Меня глубоко возмущало отношение товарищей к Борису. Он был на голову выше их; и по уму, и по способностям, и по внутреннему содержанию, и по своим моральным качествам, а безмозглые идиоты, кичась своим, не бог весть каким, дворянством, тыкали ему «низким» происхождением.

С Борисом мы быстро сдружились.

Я учился не плохо — был в первом пятке. Но был достаточно ленив и беспечен. Тоже, по-своему, как и Борис, вечно наполнен, пожалуй, в. противоположность Борису, не столько думами, сколько мечтами и необузданным воображением.

Борис мне покровительствовал и пытался меня воспитывать и, главное, приучить к порядку. В моей парте был настоящий ералаш. И я любил постоянно переделывать в ней распорядок книг и тетрадей. Это давало мне ощущение новизны. Борис был аккуратен до педантичности.

Я же педантизм ненавидел.

Борис любил математику и был равнодушен к поэзии.
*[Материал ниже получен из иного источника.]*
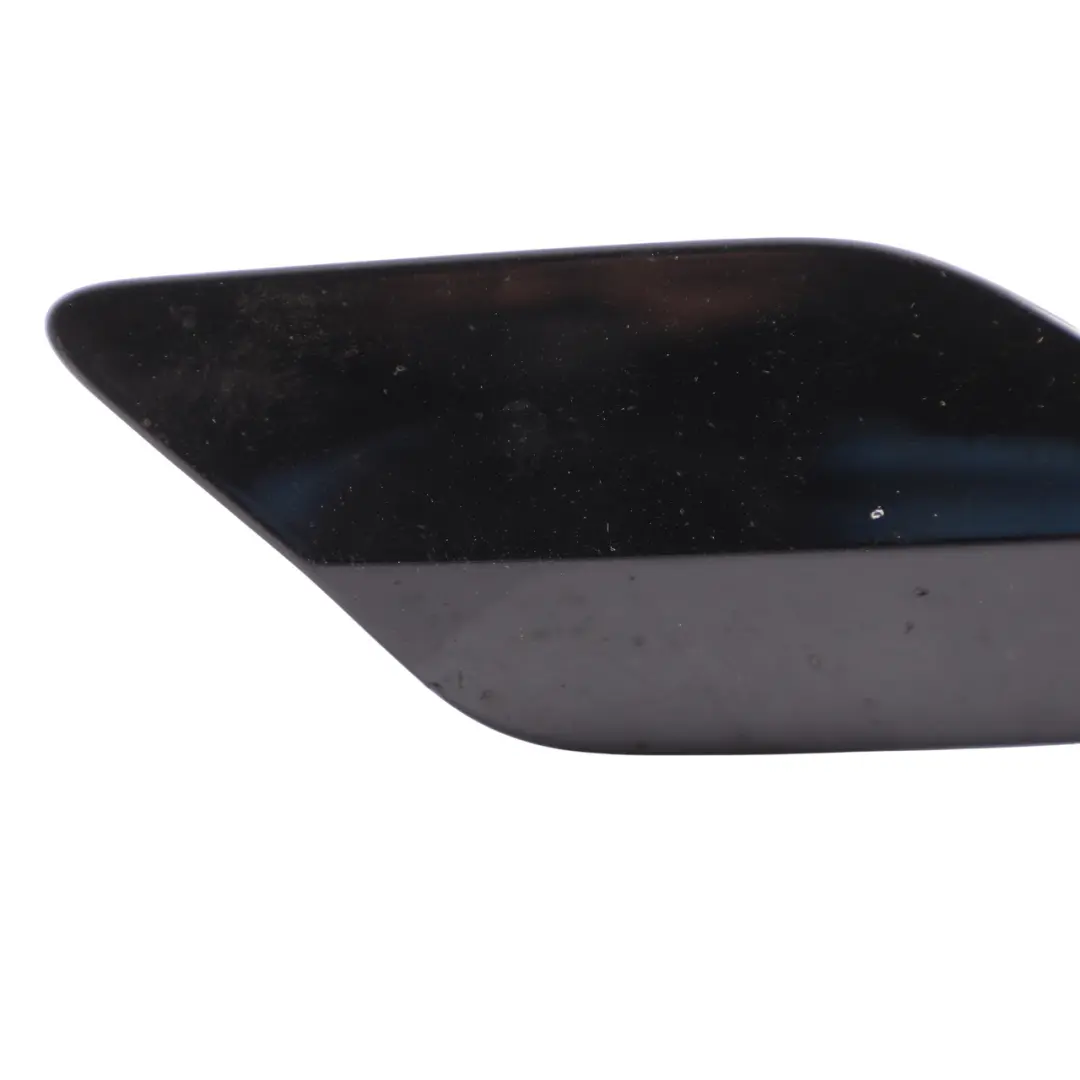 Headlight Washer Cover Cap Flap Right O/S Black - 041 to VW Golf Mk7 with Part number 5G0955110A VW Golf Mk7 Headlight Washer Cover Cap Flap Right O/S Black - 041 - SKU 5G0955110A-BLC - Part number 5G0955110A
Я обожал поэзию и был совершенно равнодушен к математике. Но страстью моей были естественные науки и география, ибо я бредил путешествиями.

Но нас сближало то, что мы принадлежали по своим воззрениям к «либерально-прогрессивным» кадетам.
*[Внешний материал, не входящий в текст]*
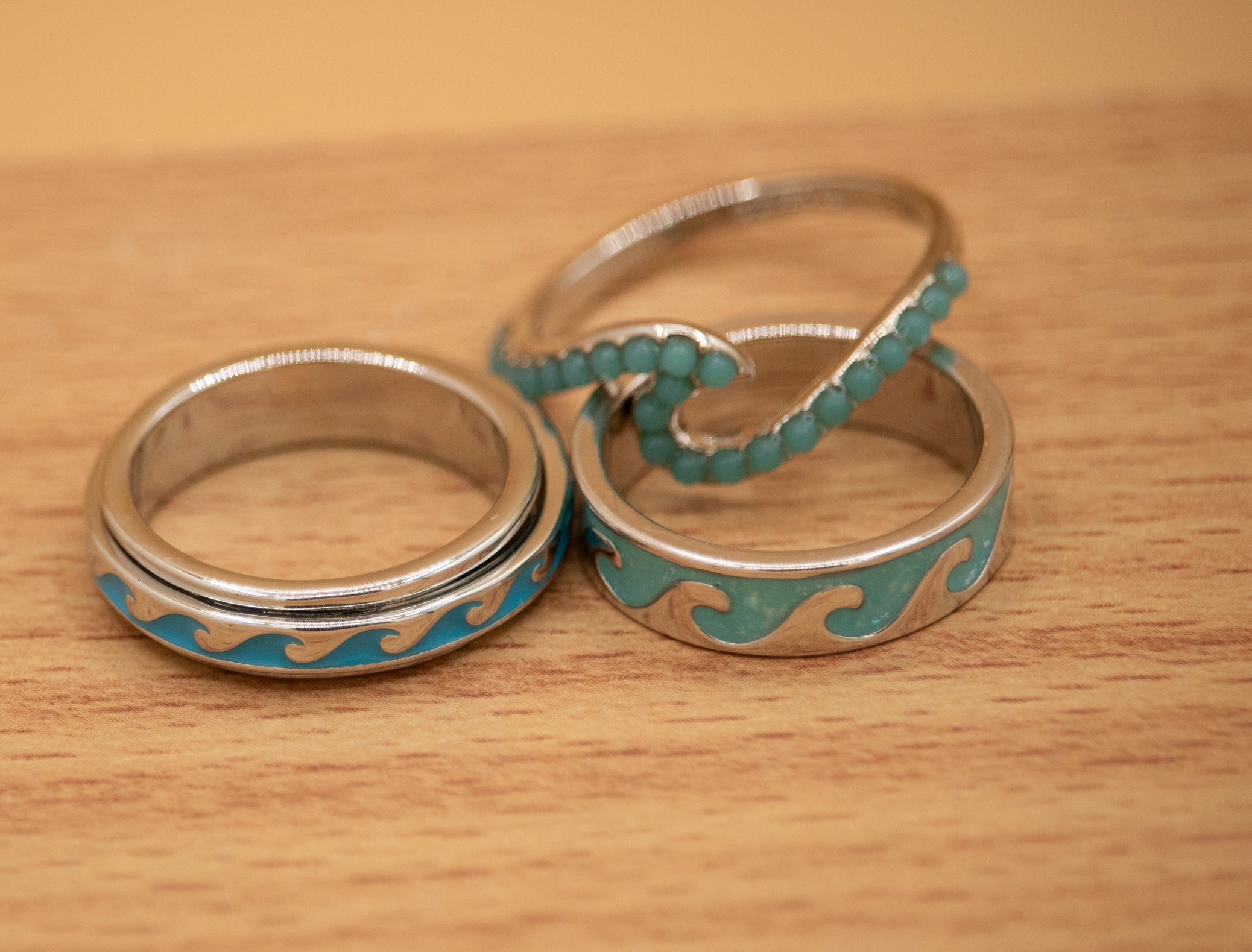 Pura Vida Enamel Wave Fidget Ring Silvern Size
Борис был несомненно радикальнее меня, зрелее и развитее. Он впервые посоветовал прочесть и дал мне книги по социализму (Бебеля). Но почва была еще совсем не подготовлена. Зерно в то время упало на камень, т. к. я еще всецело находился под влиянием семьи и религиозного воспитания бабушки и матери.

Весь мой «прогрессизм» был направлен против сословных предрассудков, против узости и безобразий военной среды, против грубого обращения с солдатами и весь мой пафос и весь мой пыл был устремлен к человечности, к гуманизму. А ненависть — к жестокости, лжи, фальши.

В моем детстве не было еще ни дымных газовых камер для удушения людей, этого изобретения, достойного германское гения! Не было изощренных, технически оснащенных, орудий пыток, превзошедших Средневековье.

Я органически, страстно ненавидел жестокость и бесчеловечность. Разные проявления жестокости приводили меня в исступленное бешенство. Не только по отношению к человеку, но и к животному. Животных, зверей, птиц я любил с самых ранних лет и эта любовь вместе с тем никогда не могла победить во мне, тоже органической, с самых детских лет проявлявшейся, охотничьей страсти.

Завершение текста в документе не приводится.